No Brasil e na América Latina quase todo mundo é batizado. Nossos pais talvez não tenham tido uma fé tão esclarecida mas tiveram fé suficiente para batizarem seus filhos e através deste sacramento nós recebemos como que uma semente. Esta semente precisa ser devidamente cuidada para vir a se transformar numa floresta. E todos, e cada um de nós quando foi batizado recebeu esta semente mas muitas vezes não a cultivou, nunca disse sim conscientemente para que ela crescesse. Mas a principal coisa que precisamos fazer no Brasil é viver nossa fé integralmente, em público e de uma maneira alegre para atrair as pessoas para Jesus, para Maria e para a Igreja. A pregação protestante é tão eficaz porque eles falam, proclamam que Jesus está vivo, que Jesus ama e eles vão até as pessoas sem medo. Em cada missa nós proclamamos que Jesus está vivo, que Jesus ama. Precisamos deixar que essa vida flua através de nós, sem medo. Às vezes tememos que se formos muito alegres nosso comportamento será pouco apropriado, será um anti-testemunho. Mas não! Os cristãos são as pessoas mais felizes do mundo! Nós temos Jesus, nós temos Maria, nós temos a Igreja, os sacramentos, nós temos a beleza das catedrais, da vida eterna, nós temos a Tradição. Nós temos tudo! Então, sejamos alegres, vamos ajudar às pessoas, os pobres, mas façamos isso de forma alegre, repito. É o mais importante que podemos fazer: sermos cristãos alegres!
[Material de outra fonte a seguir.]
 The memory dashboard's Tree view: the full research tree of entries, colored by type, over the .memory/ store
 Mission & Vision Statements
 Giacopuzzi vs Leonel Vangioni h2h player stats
Shalom Maná: Você acredita que tem um papel no ecumenismo por causa da sua história como pastor pentecostal por tantos anos? Como o ecumenismo deve ser feito?
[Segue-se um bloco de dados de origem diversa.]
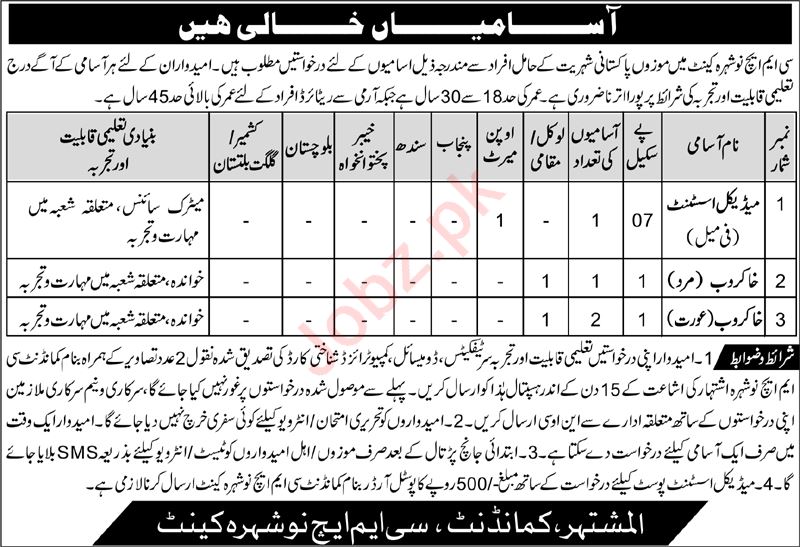 Latest Combined Military Hospital CMH Medical Posts Nowshera 2022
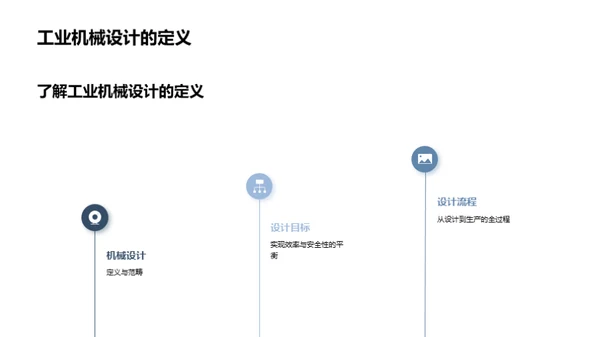 智能化工业机械设计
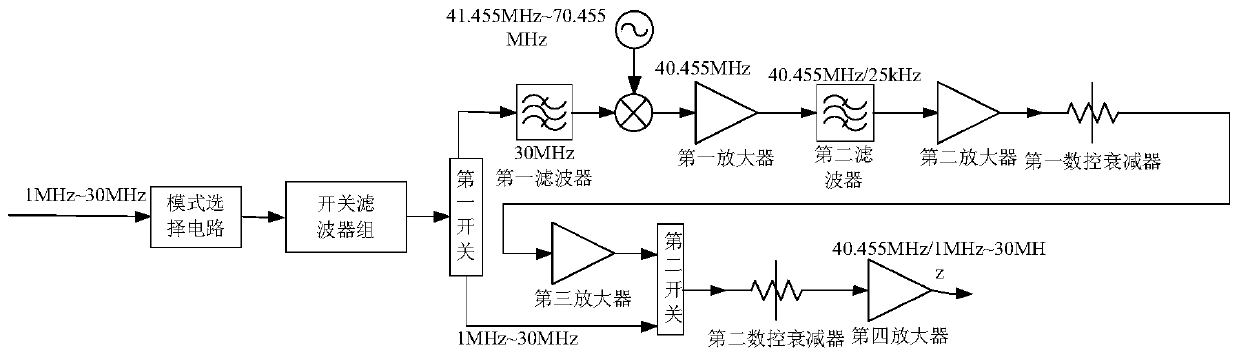 Short-wave channel unit with broadband and narrow band capable of being flexibly configured and multi-channel monitoring receiver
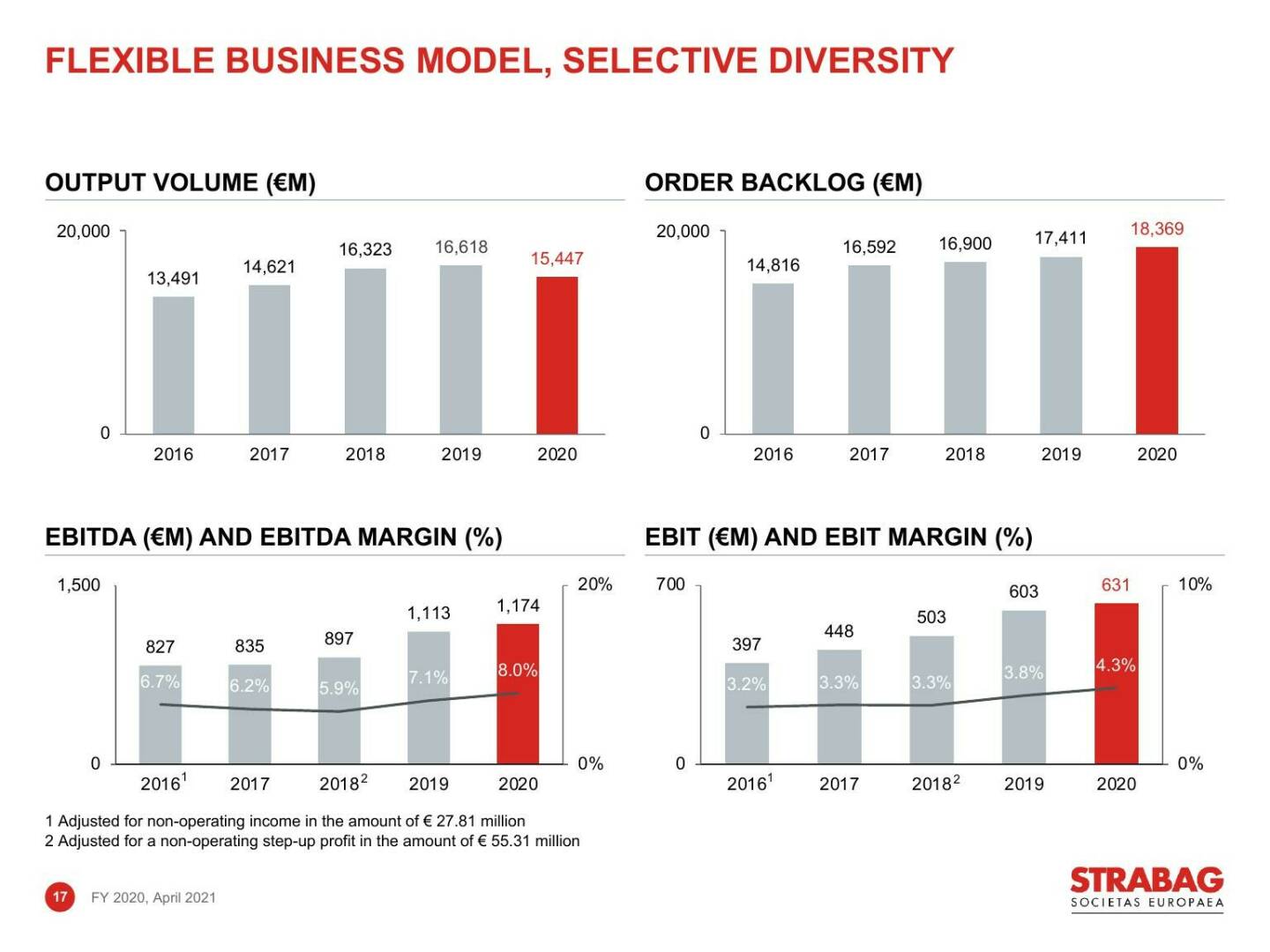 Strabag - Flexible business model, selective diversity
Richard: Acho que tenho um papel sim nessa questão da unidade do Corpo de Cristo mas sobretudo creio que na questão do ecumenismo precisamos ser honestos. Não pode ser um movimento onde nós nos detemos somente naqueles aspectos da fé em que há concordância, que se resume à pessoa de Jesus e aí só falamos de Jesus. Eu não acredito nessa postura. O que eu acredito que vai nos unir, protestantes, católicos, ortodoxos é sermos capazes de partilhar a nossa fé por inteiro, do fundo do coração. Precisamos aprender a escutar e chegaremos à conclusão que cremos basicamente na mesma coisa.